あまり力は入れずに、ロウがよく浸透するように革を熱するイメージでゆっくりとコテを滑らせます。
かかと 土踏まず コバ 目付け
コテを掛け終わったら、浸透せずに残ったロウを柔らかい布で拭き取りつつ磨きます。
この時に表れるツヤを知っているので、地味なヤスリ掛け作業を粘れるのです。

これで、靴底に関する作業は終わりです。
熱ゴテが入ると、ツヤが出るのに加えてエッジがピシッとするので、パッと見た時の雰囲気が良くなりますね!

その他の作業
ライニング
かかとのライニングが擦り切れて穴が開いていました。
上から革を当てて補修です。

中敷き
中敷きはズレて「しわくちゃ」になっていて、謎の樹脂っぽい接着剤も残っています。

ひとまず、サドルソープで丸洗い。

元の状態を思い出しながら、ウレタンパッドを切り出します。
土踏まずにパッドが入るのは、マッケイ縫いの糸を隠すための長い中敷きならではですね。

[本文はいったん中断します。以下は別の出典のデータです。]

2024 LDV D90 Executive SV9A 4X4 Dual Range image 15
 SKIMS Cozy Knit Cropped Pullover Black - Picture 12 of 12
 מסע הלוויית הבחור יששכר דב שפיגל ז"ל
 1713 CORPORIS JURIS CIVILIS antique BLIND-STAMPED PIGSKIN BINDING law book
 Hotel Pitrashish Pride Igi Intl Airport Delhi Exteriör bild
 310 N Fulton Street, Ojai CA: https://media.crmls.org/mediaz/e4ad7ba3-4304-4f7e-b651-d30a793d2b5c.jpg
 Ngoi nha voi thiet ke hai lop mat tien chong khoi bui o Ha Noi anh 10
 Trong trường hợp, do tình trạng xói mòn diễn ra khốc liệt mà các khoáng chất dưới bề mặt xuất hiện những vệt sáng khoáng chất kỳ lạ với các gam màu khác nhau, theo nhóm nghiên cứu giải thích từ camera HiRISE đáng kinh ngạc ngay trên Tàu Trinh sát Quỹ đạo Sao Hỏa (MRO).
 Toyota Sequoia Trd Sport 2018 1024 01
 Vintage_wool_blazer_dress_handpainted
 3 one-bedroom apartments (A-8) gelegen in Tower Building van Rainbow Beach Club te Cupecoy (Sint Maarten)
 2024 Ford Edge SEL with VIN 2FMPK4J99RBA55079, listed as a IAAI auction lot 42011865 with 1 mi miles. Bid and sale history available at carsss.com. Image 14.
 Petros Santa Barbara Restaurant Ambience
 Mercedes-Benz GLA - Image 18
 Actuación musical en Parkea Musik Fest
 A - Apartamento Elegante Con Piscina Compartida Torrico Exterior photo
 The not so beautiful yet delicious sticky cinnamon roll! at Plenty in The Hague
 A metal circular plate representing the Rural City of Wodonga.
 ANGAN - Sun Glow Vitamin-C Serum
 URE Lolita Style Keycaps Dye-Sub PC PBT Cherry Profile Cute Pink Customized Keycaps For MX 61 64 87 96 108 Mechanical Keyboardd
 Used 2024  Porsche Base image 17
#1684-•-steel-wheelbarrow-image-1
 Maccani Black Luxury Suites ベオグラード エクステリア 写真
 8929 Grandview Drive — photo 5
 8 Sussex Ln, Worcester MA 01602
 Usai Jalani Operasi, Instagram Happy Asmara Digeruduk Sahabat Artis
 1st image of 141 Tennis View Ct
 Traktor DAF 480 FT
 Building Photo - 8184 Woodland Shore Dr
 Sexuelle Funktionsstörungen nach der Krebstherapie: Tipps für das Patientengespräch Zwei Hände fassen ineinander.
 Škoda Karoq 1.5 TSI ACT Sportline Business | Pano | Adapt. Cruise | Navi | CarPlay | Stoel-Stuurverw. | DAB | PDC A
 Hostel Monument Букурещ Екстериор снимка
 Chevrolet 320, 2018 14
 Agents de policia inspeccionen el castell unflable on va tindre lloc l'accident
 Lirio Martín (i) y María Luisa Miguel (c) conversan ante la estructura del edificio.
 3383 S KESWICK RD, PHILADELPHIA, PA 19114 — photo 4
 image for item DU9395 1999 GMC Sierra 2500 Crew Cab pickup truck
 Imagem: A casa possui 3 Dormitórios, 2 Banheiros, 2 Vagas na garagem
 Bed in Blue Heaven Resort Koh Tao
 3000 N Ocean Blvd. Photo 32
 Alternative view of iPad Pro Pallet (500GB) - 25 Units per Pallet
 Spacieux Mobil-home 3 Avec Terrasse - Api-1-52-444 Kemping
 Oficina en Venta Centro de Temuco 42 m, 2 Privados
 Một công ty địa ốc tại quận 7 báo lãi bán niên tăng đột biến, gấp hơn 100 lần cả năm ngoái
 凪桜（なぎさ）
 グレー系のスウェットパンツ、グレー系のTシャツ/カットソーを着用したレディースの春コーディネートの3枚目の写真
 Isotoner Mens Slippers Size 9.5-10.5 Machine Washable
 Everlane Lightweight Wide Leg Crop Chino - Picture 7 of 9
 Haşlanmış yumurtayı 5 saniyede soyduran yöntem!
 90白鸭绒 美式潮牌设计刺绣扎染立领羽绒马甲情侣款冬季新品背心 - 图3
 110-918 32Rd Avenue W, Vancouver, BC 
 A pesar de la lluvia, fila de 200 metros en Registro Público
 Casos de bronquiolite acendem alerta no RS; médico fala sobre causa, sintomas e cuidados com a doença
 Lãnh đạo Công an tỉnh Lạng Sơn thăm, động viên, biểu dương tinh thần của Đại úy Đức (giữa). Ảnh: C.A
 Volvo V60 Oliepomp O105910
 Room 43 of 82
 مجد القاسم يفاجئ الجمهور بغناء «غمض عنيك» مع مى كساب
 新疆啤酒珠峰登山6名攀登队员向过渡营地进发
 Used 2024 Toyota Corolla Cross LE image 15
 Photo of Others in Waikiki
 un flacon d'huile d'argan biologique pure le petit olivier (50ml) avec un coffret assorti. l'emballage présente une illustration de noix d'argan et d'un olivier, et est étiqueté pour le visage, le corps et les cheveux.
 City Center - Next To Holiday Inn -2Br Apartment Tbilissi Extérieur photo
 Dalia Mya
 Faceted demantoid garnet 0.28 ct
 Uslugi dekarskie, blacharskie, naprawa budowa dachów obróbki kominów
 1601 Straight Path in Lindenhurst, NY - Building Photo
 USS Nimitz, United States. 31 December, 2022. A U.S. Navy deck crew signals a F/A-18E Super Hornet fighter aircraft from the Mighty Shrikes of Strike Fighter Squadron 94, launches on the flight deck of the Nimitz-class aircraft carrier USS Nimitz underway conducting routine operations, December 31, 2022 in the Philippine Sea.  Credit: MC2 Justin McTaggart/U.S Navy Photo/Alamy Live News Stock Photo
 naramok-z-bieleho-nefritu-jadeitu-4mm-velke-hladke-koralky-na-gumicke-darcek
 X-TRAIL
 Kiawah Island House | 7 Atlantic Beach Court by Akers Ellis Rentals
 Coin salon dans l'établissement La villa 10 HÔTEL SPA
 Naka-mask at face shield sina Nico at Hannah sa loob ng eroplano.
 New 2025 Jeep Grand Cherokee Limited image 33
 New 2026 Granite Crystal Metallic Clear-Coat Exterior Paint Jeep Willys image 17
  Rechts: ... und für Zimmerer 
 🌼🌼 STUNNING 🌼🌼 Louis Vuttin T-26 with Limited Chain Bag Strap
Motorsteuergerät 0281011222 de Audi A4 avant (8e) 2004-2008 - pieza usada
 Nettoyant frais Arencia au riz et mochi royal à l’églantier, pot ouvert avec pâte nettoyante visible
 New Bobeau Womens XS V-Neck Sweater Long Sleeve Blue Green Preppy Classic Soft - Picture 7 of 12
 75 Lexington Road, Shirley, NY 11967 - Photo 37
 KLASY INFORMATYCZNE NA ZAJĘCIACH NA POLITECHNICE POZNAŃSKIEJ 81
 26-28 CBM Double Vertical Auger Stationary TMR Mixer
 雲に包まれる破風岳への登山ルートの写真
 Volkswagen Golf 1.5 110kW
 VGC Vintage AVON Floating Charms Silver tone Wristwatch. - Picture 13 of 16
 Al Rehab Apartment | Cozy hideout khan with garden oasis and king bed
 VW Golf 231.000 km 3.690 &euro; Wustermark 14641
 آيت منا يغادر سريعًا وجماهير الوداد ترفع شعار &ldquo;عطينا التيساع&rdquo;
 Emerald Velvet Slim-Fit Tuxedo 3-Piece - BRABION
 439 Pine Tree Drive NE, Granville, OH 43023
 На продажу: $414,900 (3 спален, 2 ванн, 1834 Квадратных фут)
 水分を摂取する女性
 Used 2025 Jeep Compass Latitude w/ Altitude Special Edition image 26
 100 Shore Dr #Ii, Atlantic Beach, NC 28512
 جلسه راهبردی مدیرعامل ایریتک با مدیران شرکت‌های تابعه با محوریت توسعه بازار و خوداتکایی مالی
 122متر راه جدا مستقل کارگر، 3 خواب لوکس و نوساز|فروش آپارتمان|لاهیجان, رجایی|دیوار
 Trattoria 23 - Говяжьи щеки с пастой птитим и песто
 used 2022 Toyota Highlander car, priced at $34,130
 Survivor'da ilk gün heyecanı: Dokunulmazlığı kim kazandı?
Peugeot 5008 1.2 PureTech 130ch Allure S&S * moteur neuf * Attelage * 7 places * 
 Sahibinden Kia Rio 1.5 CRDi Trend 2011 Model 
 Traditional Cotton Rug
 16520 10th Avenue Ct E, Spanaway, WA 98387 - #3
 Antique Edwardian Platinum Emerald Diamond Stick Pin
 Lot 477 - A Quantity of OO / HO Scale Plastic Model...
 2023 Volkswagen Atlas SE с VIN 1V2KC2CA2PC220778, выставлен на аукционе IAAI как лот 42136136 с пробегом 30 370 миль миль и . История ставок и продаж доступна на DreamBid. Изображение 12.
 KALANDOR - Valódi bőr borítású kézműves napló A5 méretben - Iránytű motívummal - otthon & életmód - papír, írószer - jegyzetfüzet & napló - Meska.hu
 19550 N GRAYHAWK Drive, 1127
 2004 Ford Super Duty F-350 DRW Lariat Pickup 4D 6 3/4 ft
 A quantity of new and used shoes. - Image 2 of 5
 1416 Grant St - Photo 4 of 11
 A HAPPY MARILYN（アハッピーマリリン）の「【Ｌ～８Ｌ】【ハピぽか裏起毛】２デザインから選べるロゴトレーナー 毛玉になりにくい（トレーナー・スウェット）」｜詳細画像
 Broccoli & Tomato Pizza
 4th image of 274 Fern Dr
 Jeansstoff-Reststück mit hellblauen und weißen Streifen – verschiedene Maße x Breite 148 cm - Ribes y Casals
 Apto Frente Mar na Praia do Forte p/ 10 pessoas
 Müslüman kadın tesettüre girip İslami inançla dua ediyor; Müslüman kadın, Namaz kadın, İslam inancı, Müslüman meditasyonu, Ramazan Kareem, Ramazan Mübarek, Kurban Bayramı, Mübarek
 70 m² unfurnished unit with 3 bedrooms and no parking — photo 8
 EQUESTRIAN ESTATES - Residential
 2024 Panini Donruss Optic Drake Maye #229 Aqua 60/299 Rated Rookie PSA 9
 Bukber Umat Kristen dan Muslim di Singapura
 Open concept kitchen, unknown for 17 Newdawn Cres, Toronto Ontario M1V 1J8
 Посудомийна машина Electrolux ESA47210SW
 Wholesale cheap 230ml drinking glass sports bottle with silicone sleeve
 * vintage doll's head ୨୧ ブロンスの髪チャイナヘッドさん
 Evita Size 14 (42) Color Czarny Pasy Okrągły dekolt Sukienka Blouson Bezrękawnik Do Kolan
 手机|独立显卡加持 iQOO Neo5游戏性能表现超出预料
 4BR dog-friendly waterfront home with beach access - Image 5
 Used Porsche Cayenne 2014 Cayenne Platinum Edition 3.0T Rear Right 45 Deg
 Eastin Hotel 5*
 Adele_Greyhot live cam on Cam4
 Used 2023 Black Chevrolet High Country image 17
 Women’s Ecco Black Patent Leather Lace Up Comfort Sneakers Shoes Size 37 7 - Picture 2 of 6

中敷きがズレやすいようですので、確実に接着させるために面をガリガリと荒らしておきました。

キッチリと貼り付けました。

タン(べろ)
履き込まれたジャランスリワヤは、タンが垂れ下がっていることが多いです。
このままでは履きにくいので、羽根(靴紐の穴があるところ)に縫い付けておきました。
ビフォー アフター
完成
仕上げの靴磨きをして新品の紐を通せば、やっと完成です。
今回は「エッジを出すこと」を特に意識してみました。
何となく、ピシッとした感じに仕上がっているのではないでしょうか?
次は後方に写っているスコッチグレインが待ち構えています・・・
最後まで読んで頂きまして、ありがとうございました。